MATERIAL SUPPLIED START

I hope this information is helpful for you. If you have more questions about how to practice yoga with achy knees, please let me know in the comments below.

MATERIAL SUPPLIED END
MATERIAL SUPPLIED START

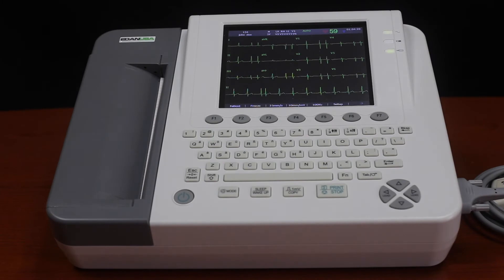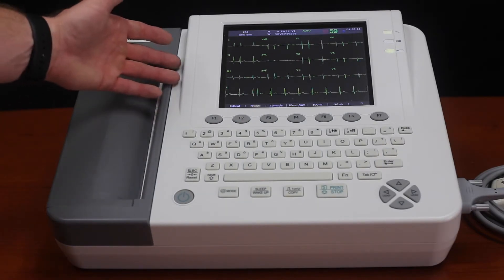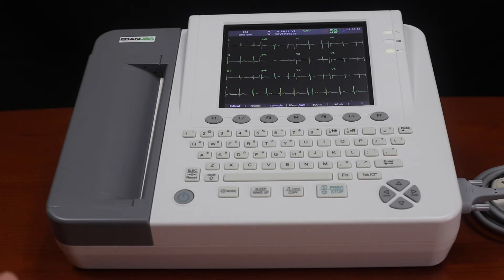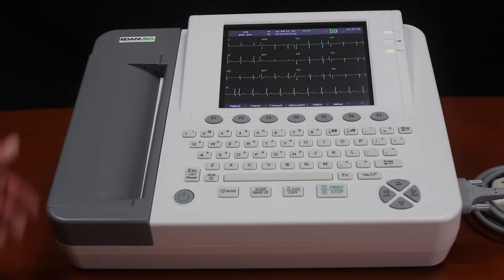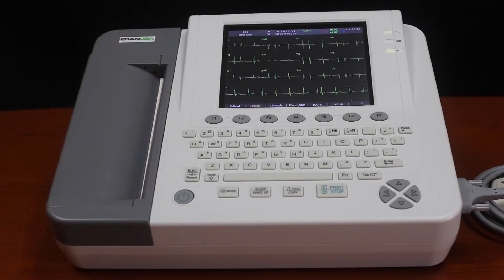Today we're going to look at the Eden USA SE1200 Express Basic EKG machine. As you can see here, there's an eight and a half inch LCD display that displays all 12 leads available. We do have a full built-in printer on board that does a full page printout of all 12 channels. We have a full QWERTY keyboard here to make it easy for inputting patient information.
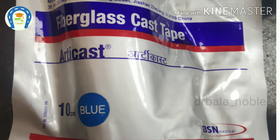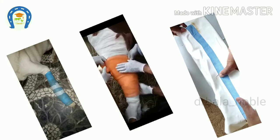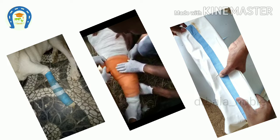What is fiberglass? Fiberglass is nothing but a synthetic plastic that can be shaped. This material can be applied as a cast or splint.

MATERIAL SUPPLIED END

AIM OF THE EXERCISE> Copy the listing above exactly, but only from the line with "Today we're going" through the line with "What is fiberglass?", including those two lines and excluding any picture.

RESPONSE TO THE TASK>
Today we're going to look at the Eden USA SE1200 Express Basic EKG machine. As you can see here, there's an eight and a half inch LCD display that displays all 12 leads available. We do have a full built-in printer on board that does a full page printout of all 12 channels. We have a full QWERTY keyboard here to make it easy for inputting patient information.
What is fiberglass? Fiberglass is nothing but a synthetic plastic that can be shaped. This material can be applied as a cast or splint.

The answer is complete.